And real estate's no different.

In the last month, countless real estate firms have announced layoffs, cutbacks, and even the closure of entire offices and lines of business. Opendoor and Zillow (NASDAQ: Z) (NASDAQ: ZG) stopped buying houses. Lenders stopped issuing non-qualifying mortgage (non-QM) loans. Zillow even pulled back on contracts already in progress.

Here's a quick synopsis of some of the biggest moves as of late:


Real estate brokerage Compass announced the layoffs of about 15% of its total workforce last week. The move impacted around 375 employees and came despite CEO Robert Reffkin reducing his own salary to $0. The rest of the company's executive team also agreed to 25% reductions in pay.


Vacasa, a short-term rental management platform, announced recently it would begin laying off workers across all levels, both in its Portland offices and in those in Boise, Idaho. Its interim CEO, Matt Roberts, has agreed to take no pay for the remainder of the year, and the rest of the leadership team will see a 50% decrease in salary. The company will also be moving many full-time employees to part-time status, cutting their hours -- and pay -- in half.


Knotel, which offers flexible office space rentals, slashed its workforce in half just a few days ago, laying off 127 employees worldwide and furloughing another 68. When announcing the move, CEO Amol Sarva said, "Business as usual is over."

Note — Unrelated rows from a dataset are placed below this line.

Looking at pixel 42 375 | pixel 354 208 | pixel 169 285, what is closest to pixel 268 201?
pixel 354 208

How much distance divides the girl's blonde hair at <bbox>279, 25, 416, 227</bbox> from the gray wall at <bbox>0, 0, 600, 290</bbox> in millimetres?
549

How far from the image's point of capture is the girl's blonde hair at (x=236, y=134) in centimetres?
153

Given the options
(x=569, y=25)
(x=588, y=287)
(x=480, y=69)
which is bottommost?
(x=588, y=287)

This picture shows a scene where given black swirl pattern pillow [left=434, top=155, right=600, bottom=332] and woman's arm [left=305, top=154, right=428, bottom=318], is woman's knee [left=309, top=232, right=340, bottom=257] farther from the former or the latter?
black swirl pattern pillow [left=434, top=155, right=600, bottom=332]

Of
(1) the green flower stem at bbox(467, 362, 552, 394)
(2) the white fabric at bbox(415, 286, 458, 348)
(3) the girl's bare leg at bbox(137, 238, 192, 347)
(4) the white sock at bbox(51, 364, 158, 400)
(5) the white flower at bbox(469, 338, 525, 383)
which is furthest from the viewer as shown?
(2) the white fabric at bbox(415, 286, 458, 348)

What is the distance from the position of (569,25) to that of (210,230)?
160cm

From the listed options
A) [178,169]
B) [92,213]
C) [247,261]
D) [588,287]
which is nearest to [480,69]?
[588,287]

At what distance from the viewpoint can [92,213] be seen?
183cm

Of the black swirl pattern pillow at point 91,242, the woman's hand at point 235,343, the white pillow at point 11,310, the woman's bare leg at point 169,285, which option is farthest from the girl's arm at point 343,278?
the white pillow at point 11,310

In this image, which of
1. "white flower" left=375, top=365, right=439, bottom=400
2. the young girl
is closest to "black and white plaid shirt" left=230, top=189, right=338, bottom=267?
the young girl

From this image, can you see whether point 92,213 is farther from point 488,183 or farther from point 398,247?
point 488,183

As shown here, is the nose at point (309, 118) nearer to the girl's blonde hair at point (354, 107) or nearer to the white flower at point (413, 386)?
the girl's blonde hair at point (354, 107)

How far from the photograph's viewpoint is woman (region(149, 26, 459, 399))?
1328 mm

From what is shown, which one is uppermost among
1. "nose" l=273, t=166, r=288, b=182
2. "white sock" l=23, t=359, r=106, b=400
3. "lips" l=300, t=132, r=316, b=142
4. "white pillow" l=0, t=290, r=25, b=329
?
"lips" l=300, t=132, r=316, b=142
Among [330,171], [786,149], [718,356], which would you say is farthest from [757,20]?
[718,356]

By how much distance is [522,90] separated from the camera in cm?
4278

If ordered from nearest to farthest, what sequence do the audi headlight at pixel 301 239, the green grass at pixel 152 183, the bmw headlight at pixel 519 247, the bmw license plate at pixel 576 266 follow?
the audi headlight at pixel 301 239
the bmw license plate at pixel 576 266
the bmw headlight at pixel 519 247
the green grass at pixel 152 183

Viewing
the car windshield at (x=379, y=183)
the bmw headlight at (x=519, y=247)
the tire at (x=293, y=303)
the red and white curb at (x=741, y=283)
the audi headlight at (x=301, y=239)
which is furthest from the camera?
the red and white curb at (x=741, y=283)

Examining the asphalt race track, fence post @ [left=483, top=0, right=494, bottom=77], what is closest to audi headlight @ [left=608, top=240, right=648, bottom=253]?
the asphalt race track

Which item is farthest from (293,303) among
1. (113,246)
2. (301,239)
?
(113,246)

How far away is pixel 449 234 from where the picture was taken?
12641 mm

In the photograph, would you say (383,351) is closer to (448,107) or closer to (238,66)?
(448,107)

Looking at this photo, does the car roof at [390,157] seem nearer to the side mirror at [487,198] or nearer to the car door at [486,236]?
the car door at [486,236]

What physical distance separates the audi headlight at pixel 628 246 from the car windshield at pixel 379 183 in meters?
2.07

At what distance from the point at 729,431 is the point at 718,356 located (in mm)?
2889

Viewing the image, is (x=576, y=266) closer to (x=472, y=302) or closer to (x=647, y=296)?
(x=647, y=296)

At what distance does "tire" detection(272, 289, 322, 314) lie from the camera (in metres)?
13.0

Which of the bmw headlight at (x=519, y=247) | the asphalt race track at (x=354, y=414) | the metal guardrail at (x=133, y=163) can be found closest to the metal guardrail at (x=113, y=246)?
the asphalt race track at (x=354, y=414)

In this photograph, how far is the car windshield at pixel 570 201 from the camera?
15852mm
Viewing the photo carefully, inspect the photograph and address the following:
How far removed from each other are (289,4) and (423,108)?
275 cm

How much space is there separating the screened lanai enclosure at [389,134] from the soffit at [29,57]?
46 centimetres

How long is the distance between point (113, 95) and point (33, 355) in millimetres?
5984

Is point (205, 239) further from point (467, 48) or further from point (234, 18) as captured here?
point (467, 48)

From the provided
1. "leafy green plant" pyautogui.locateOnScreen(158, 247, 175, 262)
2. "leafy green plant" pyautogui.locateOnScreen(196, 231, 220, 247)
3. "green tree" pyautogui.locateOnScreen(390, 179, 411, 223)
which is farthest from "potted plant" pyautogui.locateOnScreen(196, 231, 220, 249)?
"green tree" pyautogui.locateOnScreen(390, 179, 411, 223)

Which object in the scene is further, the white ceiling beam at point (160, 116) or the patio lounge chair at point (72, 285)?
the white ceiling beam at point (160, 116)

Realogy (NYSE: RLGY), which owns brands like Century 21, Coldwell Banker, ERA, and Sotheby's International Realty, hasn't made layoffs just yet, but they did announce company-wide workweek reductions for most of their employees. CEO Ryan Schneider has also agreed to a 90% cutback in salary.

The Guild

Boutique short-term rental service The Guild reduced its workforce by more than 20% last week. The Austin-based firm laid off just under 40 employees.

Zeus Living

Zeus, which offers furnished apartments for business travelers in six cities across the U.S., laid off 80 employees this week, reducing its workforce by about 30%.


Office and event space company Convene cut about 150 employees recently, amounting to about a 20% reduction in staff. Additional workers are going to be furloughed, though the exact number has yet to be determined.


Sonder, which offers short-term rentals with a hotel-like feel, laid off 22% of its staff and furloughed an additional 11% in light of declining reservations. The company has said it hopes to rehire the furloughed employees if things pick back up.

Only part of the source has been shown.